Standen im zweiten Kapitel die lateinischen Gebetstexte im Vordergrund, ist das lange dritte Kapitel vollständig ihrer altenglischen Glossierung gewidmet (123-207). Hier können lediglich ganz pauschal die Ergebnisse referiert werden, da für eine detaillierte Auseinandersetzung der Platz und dem Rezensent die philologische Kompetenz fehlen. Der Autor verwirft die älteren, pauschalen philologischen Urteile zur Glossierung nicht, sondern präzisiert und differenziert sie.

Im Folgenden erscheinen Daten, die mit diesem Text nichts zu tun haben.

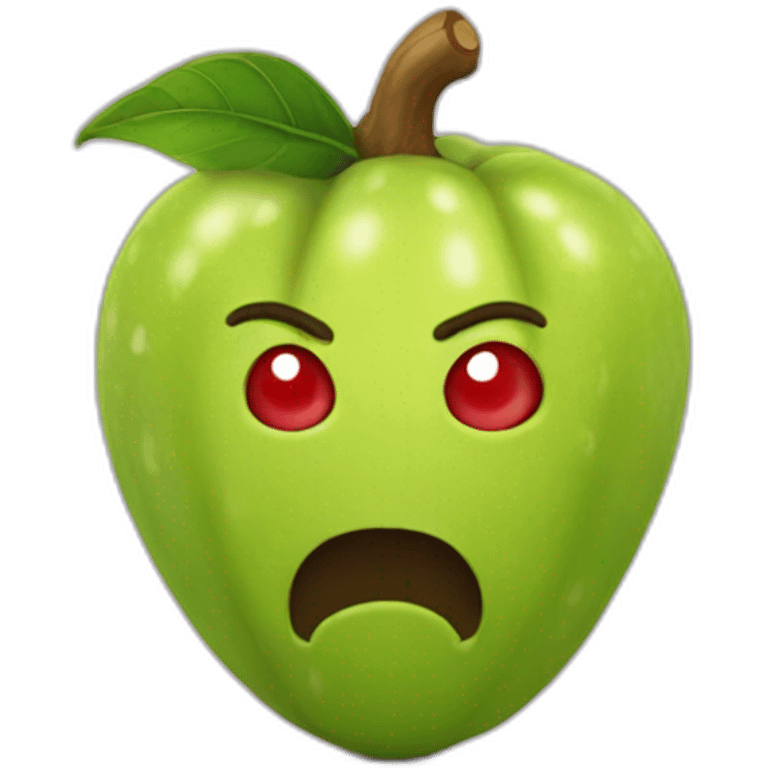 Fruit du démon emoji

Entsprechend dem kompilatorischen Charakter derartiger Gebetssammlungen kann er zeigen, dass die von zwei Schreiberhänden eingetragenen Glossen ebenfalls kein Werk aus einem Guss sind.
Das vierte und letzte Kapitel bietet schließlich die Edition (209-295). Sie wird durch ein Verzeichnis der lateinischen Gebetsinitien (311-312) und zwei Wortverzeichnisse, ein lateinisch-altenglisches (314-350) und ein altenglisch-lateinisches (351-387) erschlossen. Wie er selbst erklärt (15), ist seine Edition der lateinischen Gebetstexte und ihrer altenglischen Glossierung keine editio princeps, denn Kuhn ist natürlich nicht der erste Anglist, dessen Interesse sich auf Arundel 155 richtet. Allerdings musste man sich bisher die - recht fehlerhaften (116-120) - Editionen der nun erstmals im Zusammenhang edierten Gebetstexte aus verschiedenen Zeitschriftenaufsätzen zusammensuchen.

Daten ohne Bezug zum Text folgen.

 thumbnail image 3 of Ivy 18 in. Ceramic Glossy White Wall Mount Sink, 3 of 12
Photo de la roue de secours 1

Die bemerkenswerte Zielstrebigkeit des Autors lässt freilich auch die eine oder andere Frage am Wegesrand zurück. So gerät nach dem ersten Kapitel der Psalter als ganzer wohl etwas zu schnell aus dem Blick. Welche Funktion der libellus precum im Kontext der Psalmen und übrigen (Gebets-)Texte besaß, wird nur ansatzweise behandelt (60). Die Untersuchung über die Verbreitung der 40 Gebetstexte enthält zwar eine Reihe vergleichender Beobachtungen, aber diese sind vor allem auf die einzelnen Gebete, allenfalls auf gemeinsam tradierte Texte fokussiert. Könnte nicht auch ein Vergleich der Inhalte, des Aufbaus und der Stellung von Gebetssammlungen verschiedener Psalterhandschriften lohnend sein? [2]

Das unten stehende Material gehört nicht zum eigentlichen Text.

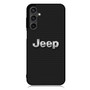 Jeep carbon style Samsung Galaxy A55 Case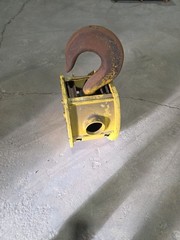 Crane Hook Block Sheave 10 Ton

Insgesamt aber darf die stringent durchgeführte, vorsichtig-nüchtern argumentierende und deshalb die Bodenhaftung nie verlierende Untersuchung als mustergültig angesehen werden. Nach diesem Vorbild wünscht man sich weitere monographische Behandlungen nicht nur insularer, sondern auch kontinentaler libelli precum.
Anmerkungen:
[1] In Abgrenzung zu eher zufällig auf Vorsatzblättern oder sonstigen freien Stellen notierten Einzelgebeten einer- und von ihm als "Gebetbuch" bezeichneten Sammlungen, die einen ganzen Kodex umfassen, andererseits (15-16).
[2] In diesem Zusammenhang wäre auch eine Auseinandersetzung mit der Position von Susan Boynton: Prayer as Liturgical Performance in Eleventh- and Twelfth-Century Monastic Psalters, in: Speculum 82 (2007), 896-931, interessant gewesen.